“My primary goal as a professor is to be an effective teacher,” says Professor James Diehm
, adding, “I would like to do what I can to prepare our students to become good lawyers by educating them not only about the subject matter, but also about the importance of integrity and professionalism.”
Professor Diehm arrived at Widener Law’s Delaware campus in September of 1987 after a long career as a practicing attorney, including serving as the Presidentially-appointed United States Attorney for the District of the Virgin Islands from 1983 to 1987. He taught at the Delaware campus for two years before moving to the Harrisburg campus when it opened in 1989.

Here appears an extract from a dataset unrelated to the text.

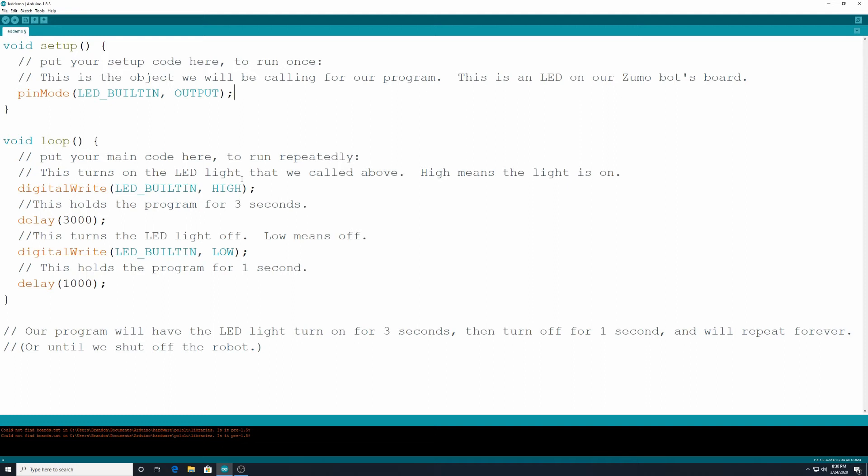After that, I want to delay that for three seconds. So I'm going to type in delay 3000. So we've got our parentheses and the semicolon there. You'll notice, obviously, then we're talking milliseconds for this.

Chosen for the Outstanding Faculty Award by the graduating class of the Harrisburg campus seven separate times, Professor Diehm has been cited for several teaching honors, including the Widener University Lindback Foundation Award for distinguished Teaching in 1999 and the Law School Alumni Oustanding Professor for 2000-2001 and 2002-2003. The appreciation is mutual, as he takes great pride in the accomplishments of his students, observing, “It is rewarding and gratifying to hear about students who have been successful in their professional, as well as their personal, lives.”

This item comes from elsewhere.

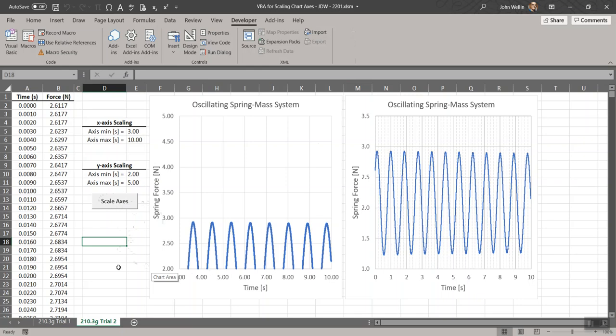I just picked this particular example to show you how to use a button on a spreadsheet to run a subroutine that changes the axes of a chart. Thanks for watching.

Years of professional experience as an Assistant United States Attorney for the District of Columbia, an Assistant Attorney General for the United States Virgin Islands, and as an Associate and Partner for Isherwood, Hunter and Diehm offer Professor Diehm an understanding of the challenges students will face as professional lawyers. “It is my hope that, as a result of my almost twenty years experience in the practice of law, I can assist students in making career choices that will lead to their professional success and fulfillment,” he says.
While teaching has been Professor Diehm’s primary passion since joining Widener Law’s faculty, he has still found time for public service. “In 1997, I was sent by the United States Department of Justice and the American Bar Association on a three month mission to Russia and Ukraine to start the Criminal Law Reform Project in Ukraine,” he notes proudly. He has also served as a lecturer and an instructor at the Attorney General's Advocacy Institute of the United States Department of Justice, taught a course in Comparative Criminal Procedure at Widener's summer program in Geneva, Switzerland four times, and written numerous articles. “I would be pleased if my scholarship could, in some way, contribute to the development and understanding of the law,” explains Professor Diehm. The example he sets for his students, however, is undeniable.